Data records -
#####
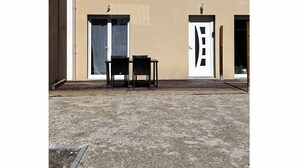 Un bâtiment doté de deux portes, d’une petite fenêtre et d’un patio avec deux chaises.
#####
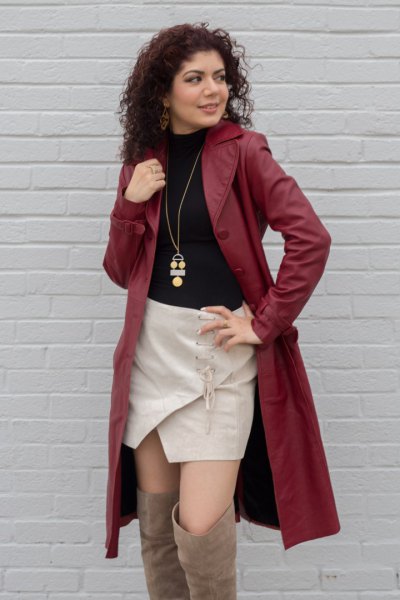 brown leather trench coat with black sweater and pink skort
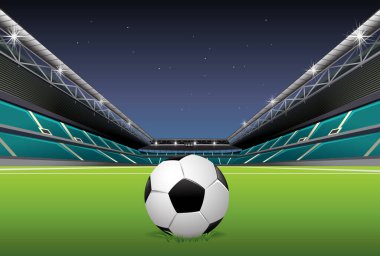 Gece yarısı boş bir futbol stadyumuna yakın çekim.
#####
Work instruction - Extract from the material above the stretch running from the line containing "brown leather trench" through the line containing "Gece yarısı boş". Keep the text exact and the pictures out.

Answer box -
 brown leather trench coat with black sweater and pink skort
 Gece yarısı boş bir futbol stadyumuna yakın çekim.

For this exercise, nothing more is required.